----- RECORDED INFORMATION

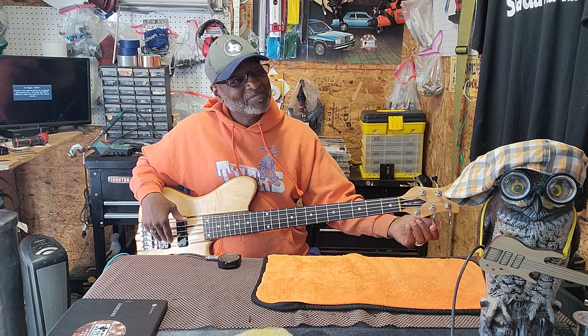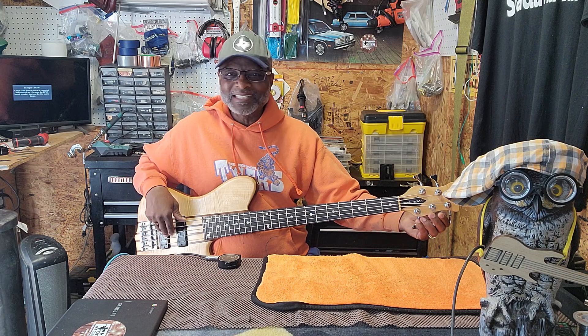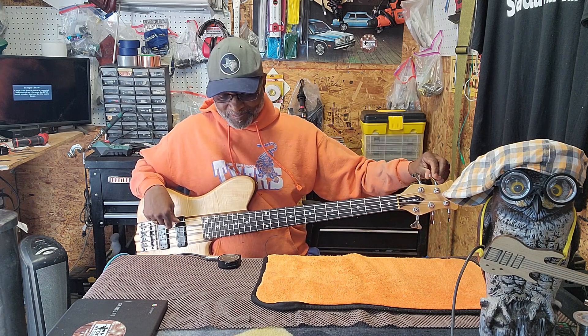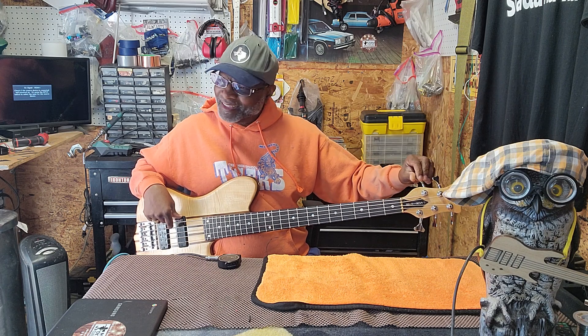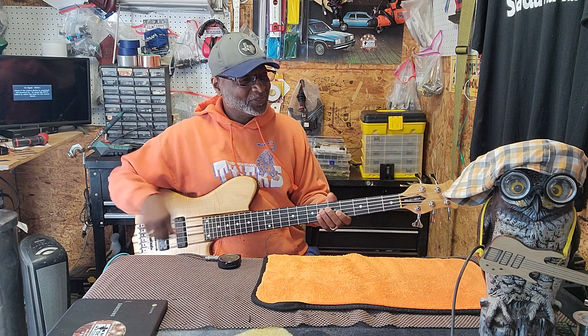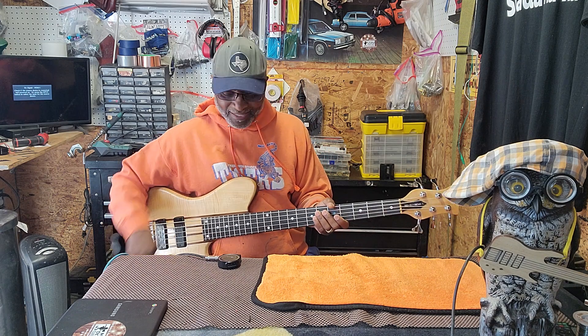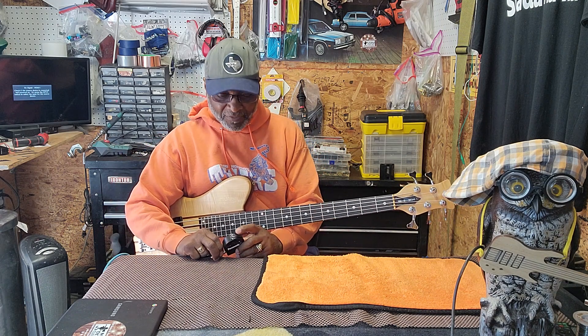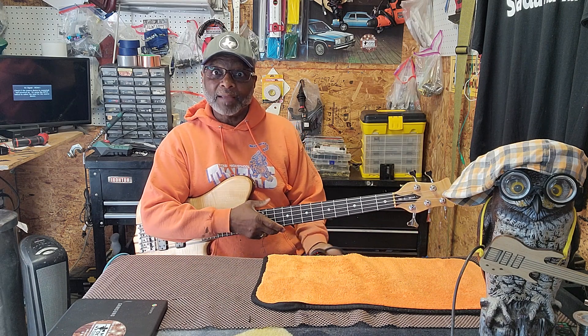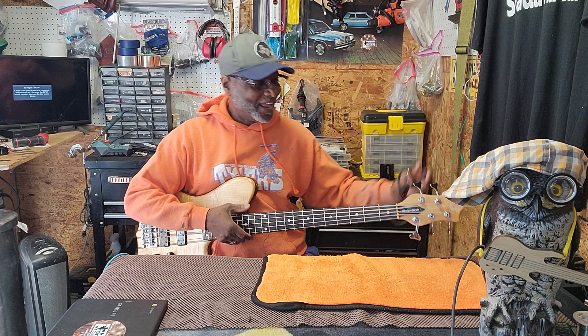I don't play it that much, and when I do play it's like in a church setting. Because it's just — I don't know, man — it's so amazing that it could be my everyday piece. Well, I'll take that back, it could be a bass I play every day.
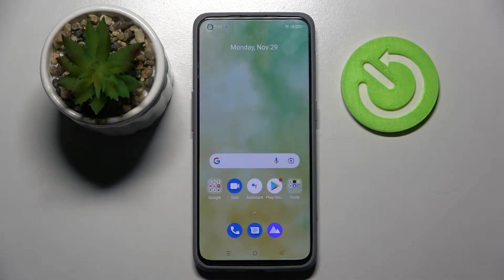Hi! In front of me is Realme GT Master Edition and today I would like to show you how you can connect this Realme through Bluetooth.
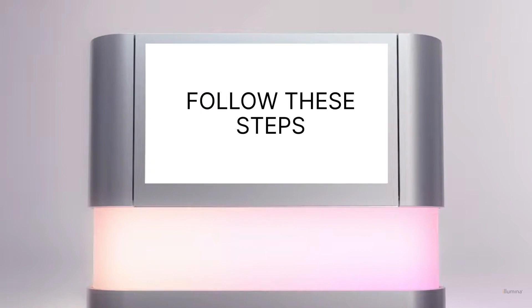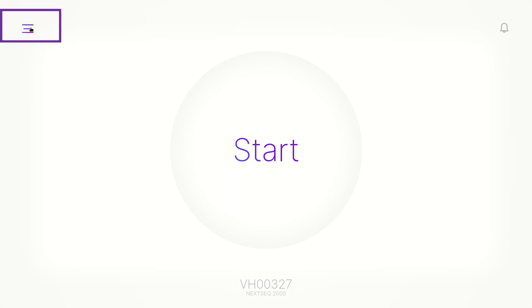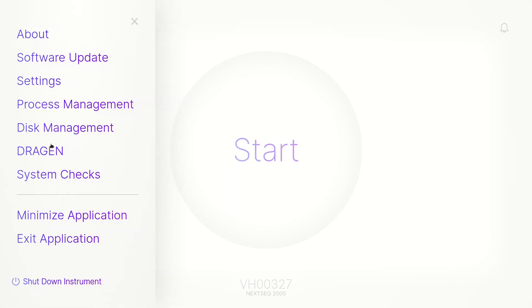Complete the following steps to perform the system checks. From the control software home screen, select the menu icon in the top left corner, then select System Checks.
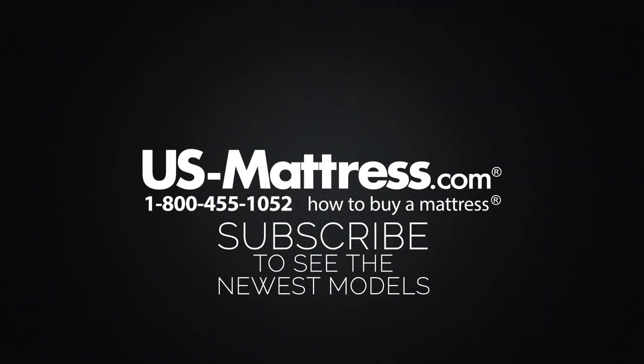We hope you found this video helpful, but if you have any questions, please feel free to reach out to us at 1-800-455-1052, or you can leave us a message on this video — we'd love to hear from you. Or if you'd like, during normal business hours, you can speak with a member of our chat team.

----------

▶ _AIM OF THE EXERCISE_: Pictures must be left out. Repeat exactly the lines from the one containing "Hi! In front" through the final line of the data.

▶ _REPLY TO THE EXERCISE_:
Hi! In front of me is Realme GT Master Edition and today I would like to show you how you can connect this Realme through Bluetooth.
Complete the following steps to perform the system checks. From the control software home screen, select the menu icon in the top left corner, then select System Checks.
We hope you found this video helpful, but if you have any questions, please feel free to reach out to us at 1-800-455-1052, or you can leave us a message on this video — we'd love to hear from you. Or if you'd like, during normal business hours, you can speak with a member of our chat team.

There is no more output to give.